Association Says Not Forced

Association Says Not Forced

There was no pressure at all on Malaysian students to form a separate association last year according to members of the Malaysian Students' Association (MSA).

Mr Nueck, past President of MSA said that MSA became MSSA (Malaysian Singapore Students' Association) in 1966 after the separation of Singapore from Malaysia.

Early in 1968 students had been discussing the formation of an association strictly for Malaysian students.

Mr K. P. Too, the president of MSA. said that Parliamentarians in Malaysia had queried an entry in the Budget which allowed for the payment of rent for the clubhouse of the MSSA.

Mr Too said they had resolved that the Malaysian Government should not subsidize Singaporean students and had recommended to the High Commissioner in Sydney that he discuss the subject with the students concerned.

"But it is an illusion to say that to form the MSA was to conform to pressure," he said.

Mr.
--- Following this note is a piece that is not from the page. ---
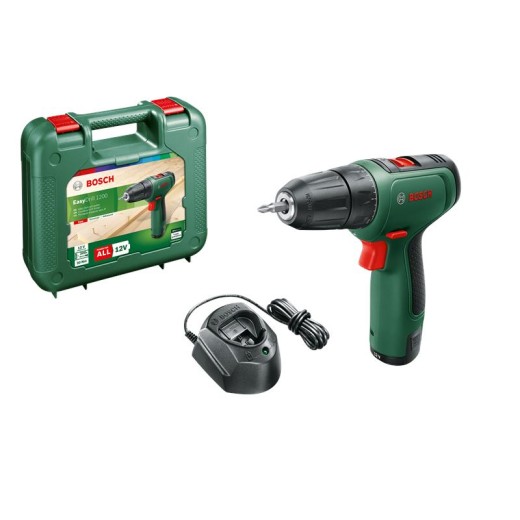 Шурупокрут-дриль акумуляторний Bosch EasyDrill 1200, 12В 1х1.5Аг, 30Нм, 20+1, 0-400/1500об/хв, ЗП, кейс, 0.94кг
Tajuddin said it was important that all Malaysians in this country were united.

This would provide a good example for those at home .

Two motions were passed at the AGM of the MSA; the first related to the "harsh and unreasonable action of the police in entering the campus of the University of Malaysia".

The second was that this meeting express surprise at the way the Action Committee for a Multi-Racial Malaysia has gone about promoting the emergence of a multi-racial society in Malaysia.

Mr Michael Lim said that a return to Parliamentary rule meant a return to the status quo.

This would be detrimental to the country simply because it would be so difficult to keep order.